### Record set
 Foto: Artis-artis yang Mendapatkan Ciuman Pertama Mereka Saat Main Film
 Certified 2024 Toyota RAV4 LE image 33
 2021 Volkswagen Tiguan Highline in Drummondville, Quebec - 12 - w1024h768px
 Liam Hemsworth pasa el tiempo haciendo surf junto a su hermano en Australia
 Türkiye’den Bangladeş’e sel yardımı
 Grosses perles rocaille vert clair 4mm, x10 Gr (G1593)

* * *

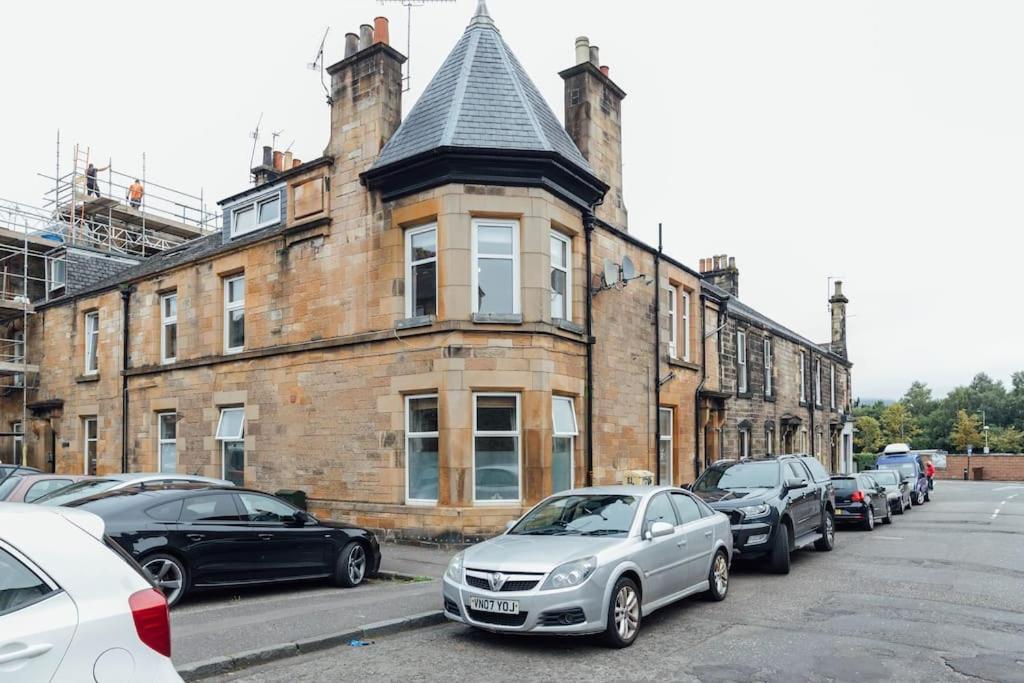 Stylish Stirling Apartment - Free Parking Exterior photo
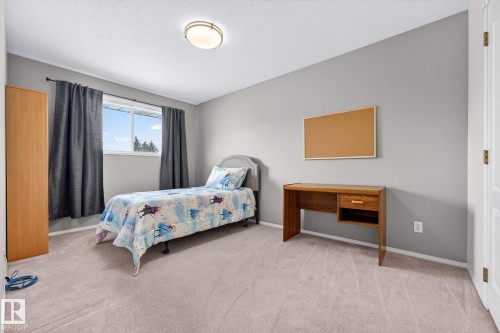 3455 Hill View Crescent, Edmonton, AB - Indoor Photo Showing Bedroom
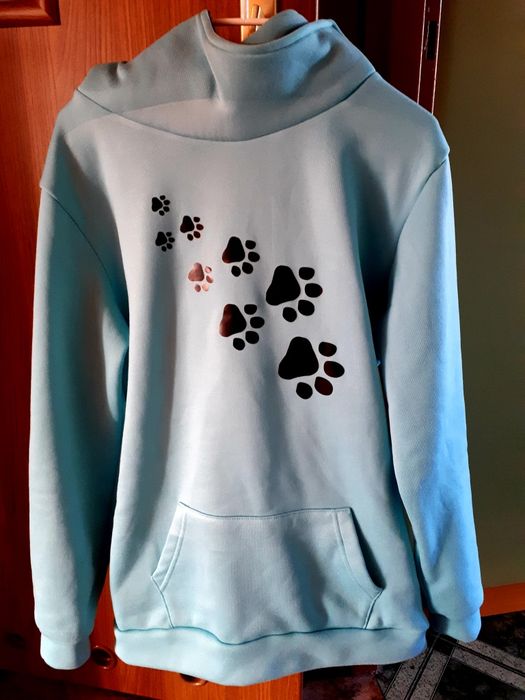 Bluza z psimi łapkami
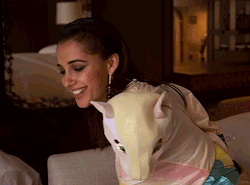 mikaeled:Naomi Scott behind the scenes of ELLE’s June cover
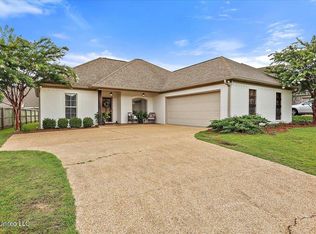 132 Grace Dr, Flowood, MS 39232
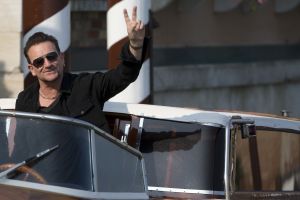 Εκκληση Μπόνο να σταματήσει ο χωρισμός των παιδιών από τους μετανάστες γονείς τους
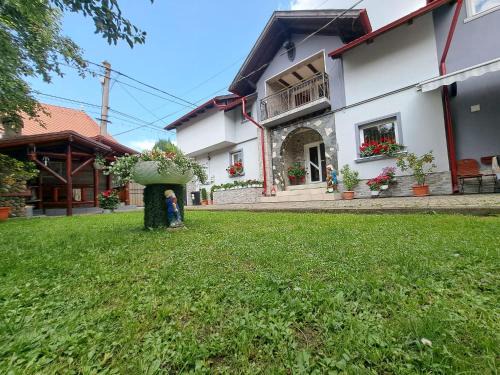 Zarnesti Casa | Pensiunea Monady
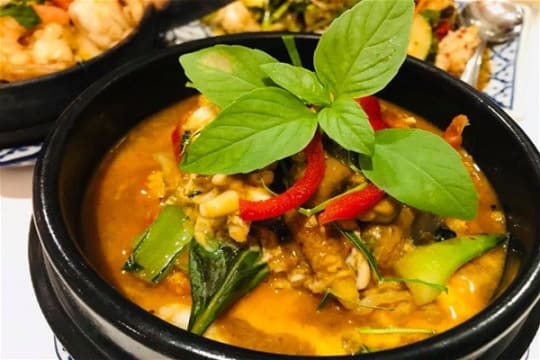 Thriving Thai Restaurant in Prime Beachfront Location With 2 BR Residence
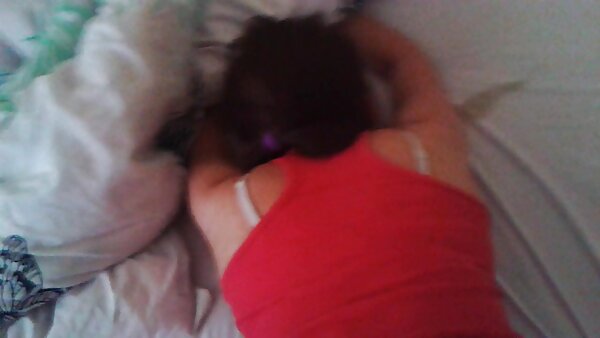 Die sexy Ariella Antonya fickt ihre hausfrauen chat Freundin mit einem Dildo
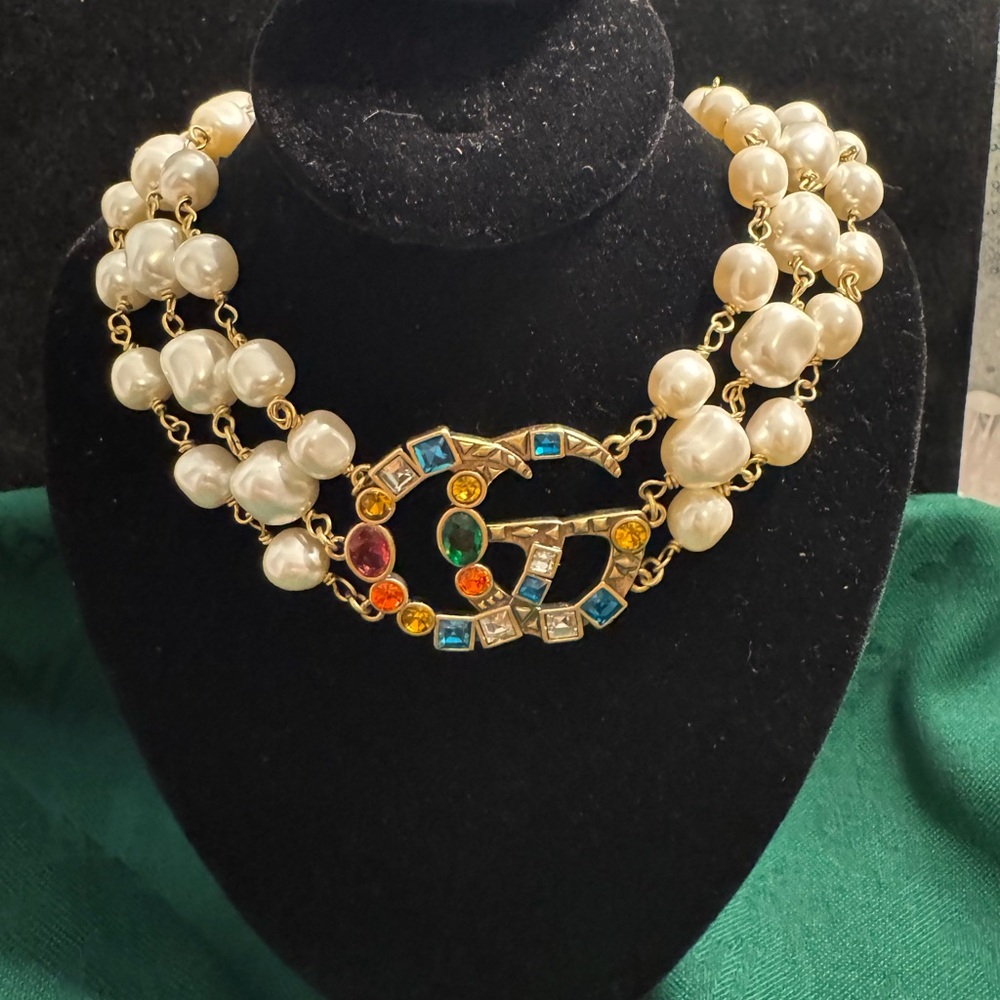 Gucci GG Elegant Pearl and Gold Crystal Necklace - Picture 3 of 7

...

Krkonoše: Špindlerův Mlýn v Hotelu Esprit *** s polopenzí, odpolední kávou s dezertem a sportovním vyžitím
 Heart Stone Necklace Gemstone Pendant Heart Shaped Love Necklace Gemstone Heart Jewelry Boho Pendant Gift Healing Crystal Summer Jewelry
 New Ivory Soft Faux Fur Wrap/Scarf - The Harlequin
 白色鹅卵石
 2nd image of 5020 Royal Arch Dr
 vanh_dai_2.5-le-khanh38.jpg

### Goal of the exercise
In how many lines of the records does the word "image" occur? Reply with the number only.

### Result for this task
2